What I verified, and where caution is still merited
This article verifies the most load‑bearing technical claims with multiple sources:- The launcher pattern and the RemoteApp limitation regarding raw .PS1 files are documented by practitioner reporting and match guidance found in RemoteApp publishing procedures.
- The Publish RemoteApp wizard’s requirement for UNC‑formatted paths when adding programs manually is corroborated by Microsoft community Q&A and multiple step‑by‑step guides; behavior can vary across tooling and must be validated in your environment.
- PowerShell ExecutionPolicy behavior and the recommended per‑process bypass pattern are explained in Microsoft’s PowerShell documentation; the Unblock‑File cmdlet and its behavior with Zone.Identifier streams are likewise documented and used widely. Both patterns are common, but both reduce guardrails and require operational compensations (signing, ACLs, controlled deployment).
- RDP smart sizing and related properties are a supported RDP file attribute in many toolchains; the practical edit of an .RDP file to remove scaling behavior is widely used. The specific instruction to remove the signature block appended to .RDP files before editing comes from practitioner experience (Brien Posey’s account) and is not something we found documented on Microsoft’s public docs; treat it as an empirical workaround that requires careful testing.
Final recommendations for IT teams
- Treat PowerShell RemoteApp hosting as an application deployment problem, not a scripting trick. Use standard application lifecycle controls: source control, code signing, automated deployment, ACLs, and least privilege.
- Use the launcher pattern to publish PowerShell tools but avoid “system‑wide shortcuts” that let any user or developer drop scripts into the execution path.
- Test DPI behavior and RDP file edits on every client platform you support. If possible, prefer DPI‑aware GUI design over client hacks.
- Document every exception to security posture (for example, where you use ExecutionPolicy Bypass) and limit the scope and lifetime of each exception.
- Build an automated deployment pipeline that:
- Copies files to the RD Session Host under controlled ACLs.
- Runs Unblock‑File as a deployment step (not ad hoc).
- Registers the launcher with RemoteApp via the expected UNC or local path, and verifies the published app in RDWeb or the RDP feed.
- Runs functional and UI tests across representative DPI scenarios.
RemoteApp is still a valuable delivery model for small admin tools and internal utilities, but the “last mile” around publishing, execution policy, file unblocking, and DPI behavior is where most deployments get stuck.
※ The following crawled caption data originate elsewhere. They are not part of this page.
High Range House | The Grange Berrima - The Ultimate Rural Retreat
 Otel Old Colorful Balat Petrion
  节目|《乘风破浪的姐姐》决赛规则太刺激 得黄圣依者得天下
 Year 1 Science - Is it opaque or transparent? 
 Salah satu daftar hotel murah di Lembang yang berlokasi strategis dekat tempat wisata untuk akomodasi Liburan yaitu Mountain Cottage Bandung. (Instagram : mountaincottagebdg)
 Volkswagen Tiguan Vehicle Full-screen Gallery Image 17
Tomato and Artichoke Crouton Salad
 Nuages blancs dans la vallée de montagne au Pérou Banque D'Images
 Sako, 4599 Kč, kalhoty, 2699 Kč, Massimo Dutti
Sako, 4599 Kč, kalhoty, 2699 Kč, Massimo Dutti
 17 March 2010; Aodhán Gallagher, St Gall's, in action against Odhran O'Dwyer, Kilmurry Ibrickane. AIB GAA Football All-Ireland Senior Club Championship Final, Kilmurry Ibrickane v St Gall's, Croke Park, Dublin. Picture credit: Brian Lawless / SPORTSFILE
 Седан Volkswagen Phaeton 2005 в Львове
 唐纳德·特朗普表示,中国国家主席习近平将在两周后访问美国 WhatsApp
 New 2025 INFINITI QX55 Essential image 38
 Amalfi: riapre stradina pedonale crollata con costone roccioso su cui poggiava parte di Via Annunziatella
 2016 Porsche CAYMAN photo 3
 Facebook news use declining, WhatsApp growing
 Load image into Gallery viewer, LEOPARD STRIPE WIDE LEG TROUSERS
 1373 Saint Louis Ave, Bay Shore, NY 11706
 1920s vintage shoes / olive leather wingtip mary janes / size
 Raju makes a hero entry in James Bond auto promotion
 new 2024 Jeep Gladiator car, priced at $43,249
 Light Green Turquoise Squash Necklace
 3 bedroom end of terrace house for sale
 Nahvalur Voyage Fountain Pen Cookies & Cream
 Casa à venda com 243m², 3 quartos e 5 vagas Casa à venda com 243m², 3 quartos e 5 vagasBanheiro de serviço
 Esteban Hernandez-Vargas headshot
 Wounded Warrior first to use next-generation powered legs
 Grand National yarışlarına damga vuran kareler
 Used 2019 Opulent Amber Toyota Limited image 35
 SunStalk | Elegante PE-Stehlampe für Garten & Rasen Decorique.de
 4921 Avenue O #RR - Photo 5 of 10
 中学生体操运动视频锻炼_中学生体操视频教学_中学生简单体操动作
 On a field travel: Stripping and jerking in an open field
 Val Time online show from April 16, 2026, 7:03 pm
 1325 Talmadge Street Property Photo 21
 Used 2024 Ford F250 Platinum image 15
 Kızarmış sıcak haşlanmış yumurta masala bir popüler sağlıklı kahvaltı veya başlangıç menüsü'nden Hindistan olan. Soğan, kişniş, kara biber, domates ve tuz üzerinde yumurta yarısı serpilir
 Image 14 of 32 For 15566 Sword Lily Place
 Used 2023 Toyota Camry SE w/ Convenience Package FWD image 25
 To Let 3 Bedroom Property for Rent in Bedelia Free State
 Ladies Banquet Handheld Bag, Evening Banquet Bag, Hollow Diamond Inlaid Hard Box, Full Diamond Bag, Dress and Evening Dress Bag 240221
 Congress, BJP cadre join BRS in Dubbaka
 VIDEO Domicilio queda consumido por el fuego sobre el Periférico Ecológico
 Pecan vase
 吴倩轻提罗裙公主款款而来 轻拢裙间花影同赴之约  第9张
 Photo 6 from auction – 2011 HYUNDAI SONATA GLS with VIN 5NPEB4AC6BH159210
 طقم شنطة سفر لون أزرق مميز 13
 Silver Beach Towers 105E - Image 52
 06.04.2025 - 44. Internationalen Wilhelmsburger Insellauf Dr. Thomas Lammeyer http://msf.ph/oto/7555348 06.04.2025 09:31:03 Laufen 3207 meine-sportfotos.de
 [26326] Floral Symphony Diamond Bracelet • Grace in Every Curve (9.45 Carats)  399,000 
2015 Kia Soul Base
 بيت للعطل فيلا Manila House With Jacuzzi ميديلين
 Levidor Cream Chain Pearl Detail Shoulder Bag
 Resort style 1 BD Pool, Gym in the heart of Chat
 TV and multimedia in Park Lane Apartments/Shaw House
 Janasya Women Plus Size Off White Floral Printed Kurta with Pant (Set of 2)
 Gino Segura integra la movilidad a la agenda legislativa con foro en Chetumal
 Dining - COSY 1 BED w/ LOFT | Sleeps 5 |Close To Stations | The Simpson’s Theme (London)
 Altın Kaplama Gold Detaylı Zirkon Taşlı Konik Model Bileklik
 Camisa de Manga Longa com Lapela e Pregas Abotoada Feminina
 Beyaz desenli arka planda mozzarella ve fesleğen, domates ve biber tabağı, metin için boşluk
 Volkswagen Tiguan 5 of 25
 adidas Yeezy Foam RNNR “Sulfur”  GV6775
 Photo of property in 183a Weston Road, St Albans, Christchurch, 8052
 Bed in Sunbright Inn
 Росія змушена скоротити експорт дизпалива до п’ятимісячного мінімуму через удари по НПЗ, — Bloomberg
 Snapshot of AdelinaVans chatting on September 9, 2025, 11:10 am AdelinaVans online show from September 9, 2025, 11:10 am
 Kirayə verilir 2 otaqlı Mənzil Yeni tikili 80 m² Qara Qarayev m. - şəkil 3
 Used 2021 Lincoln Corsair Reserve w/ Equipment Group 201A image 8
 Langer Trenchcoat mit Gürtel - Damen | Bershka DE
The fixes are straightforward, repeatable, and verifiable — but they must be implemented as part of an auditable, secure deployment process. If you follow the launcher + controlled execution + deployment pipeline pattern and treat RDP scaling edits as an exception to be tested rather than a standard practice, you’ll get the benefits of centralization without paying an outsized maintenance or security tax.
Conclusion
Publishing PowerShell applications as RemoteApp programs requires an operational mindset: wrap scripts in launchers, manage execution policy and file unblocking through deployment automation, and treat display scaling fixes as tested exceptions or, better, refactor GUIs to be DPI‑aware. When you combine those practices with strong access controls and a deployment pipeline, RemoteApp can reliably deliver PowerShell‑based utilities without exposing your environment to unnecessary risk.